**Task to complete**: Search the records for the word "Black". Copy every line where it appears.

Data excerpts:
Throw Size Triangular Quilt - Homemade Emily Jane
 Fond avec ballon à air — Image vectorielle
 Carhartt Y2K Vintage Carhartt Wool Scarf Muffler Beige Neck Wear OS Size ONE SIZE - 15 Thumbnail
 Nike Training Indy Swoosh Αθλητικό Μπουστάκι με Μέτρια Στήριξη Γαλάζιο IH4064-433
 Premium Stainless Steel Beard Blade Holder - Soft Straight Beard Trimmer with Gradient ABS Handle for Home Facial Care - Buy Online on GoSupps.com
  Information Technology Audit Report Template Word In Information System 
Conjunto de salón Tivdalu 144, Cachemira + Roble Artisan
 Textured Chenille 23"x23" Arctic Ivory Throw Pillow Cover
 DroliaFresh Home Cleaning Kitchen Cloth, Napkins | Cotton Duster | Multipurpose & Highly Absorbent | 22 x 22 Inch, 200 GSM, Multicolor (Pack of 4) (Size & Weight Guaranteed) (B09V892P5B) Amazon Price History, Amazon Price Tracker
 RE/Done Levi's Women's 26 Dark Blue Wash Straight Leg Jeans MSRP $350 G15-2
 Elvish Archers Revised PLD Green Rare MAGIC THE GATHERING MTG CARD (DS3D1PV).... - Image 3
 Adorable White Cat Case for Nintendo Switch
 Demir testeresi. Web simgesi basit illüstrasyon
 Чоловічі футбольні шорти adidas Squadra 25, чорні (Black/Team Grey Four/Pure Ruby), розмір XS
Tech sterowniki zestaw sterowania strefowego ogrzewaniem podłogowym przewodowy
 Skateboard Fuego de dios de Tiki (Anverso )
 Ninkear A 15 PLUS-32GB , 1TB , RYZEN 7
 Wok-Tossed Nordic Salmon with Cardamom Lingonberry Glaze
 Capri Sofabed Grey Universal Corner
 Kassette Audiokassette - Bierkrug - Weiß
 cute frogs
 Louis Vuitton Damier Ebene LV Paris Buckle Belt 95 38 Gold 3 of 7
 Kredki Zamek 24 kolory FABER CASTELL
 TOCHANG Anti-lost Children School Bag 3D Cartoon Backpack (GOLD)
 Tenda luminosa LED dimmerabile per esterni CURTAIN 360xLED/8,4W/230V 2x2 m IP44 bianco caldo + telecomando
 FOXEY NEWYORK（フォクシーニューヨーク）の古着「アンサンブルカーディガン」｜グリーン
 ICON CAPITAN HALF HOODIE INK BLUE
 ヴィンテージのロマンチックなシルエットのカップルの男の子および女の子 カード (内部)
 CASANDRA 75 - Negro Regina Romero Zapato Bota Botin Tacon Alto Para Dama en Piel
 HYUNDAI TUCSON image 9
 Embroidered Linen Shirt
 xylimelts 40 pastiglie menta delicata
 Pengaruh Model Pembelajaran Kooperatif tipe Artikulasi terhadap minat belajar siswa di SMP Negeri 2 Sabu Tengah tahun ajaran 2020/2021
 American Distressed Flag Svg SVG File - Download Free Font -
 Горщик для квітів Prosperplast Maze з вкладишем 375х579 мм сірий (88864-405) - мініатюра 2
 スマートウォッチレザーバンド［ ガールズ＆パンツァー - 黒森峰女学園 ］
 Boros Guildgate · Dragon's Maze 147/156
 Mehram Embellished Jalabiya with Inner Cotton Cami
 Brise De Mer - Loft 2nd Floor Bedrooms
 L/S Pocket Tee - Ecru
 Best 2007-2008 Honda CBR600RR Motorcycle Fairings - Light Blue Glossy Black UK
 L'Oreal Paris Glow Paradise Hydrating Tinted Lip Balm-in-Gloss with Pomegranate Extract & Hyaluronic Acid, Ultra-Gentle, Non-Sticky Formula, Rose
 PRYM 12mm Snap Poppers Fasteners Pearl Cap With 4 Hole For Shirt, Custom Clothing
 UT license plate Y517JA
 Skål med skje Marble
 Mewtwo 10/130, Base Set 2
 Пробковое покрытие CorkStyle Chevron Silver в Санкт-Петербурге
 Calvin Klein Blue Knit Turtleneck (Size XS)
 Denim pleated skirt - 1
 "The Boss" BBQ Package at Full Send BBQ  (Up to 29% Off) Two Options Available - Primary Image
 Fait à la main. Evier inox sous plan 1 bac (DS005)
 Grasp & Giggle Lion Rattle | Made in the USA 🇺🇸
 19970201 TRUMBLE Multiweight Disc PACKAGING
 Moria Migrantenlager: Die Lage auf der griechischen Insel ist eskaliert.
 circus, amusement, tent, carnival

**Problem solution**:
 Чоловічі футбольні шорти adidas Squadra 25, чорні (Black/Team Grey Four/Pure Ruby), розмір XS
 Best 2007-2008 Honda CBR600RR Motorcycle Fairings - Light Blue Glossy Black UK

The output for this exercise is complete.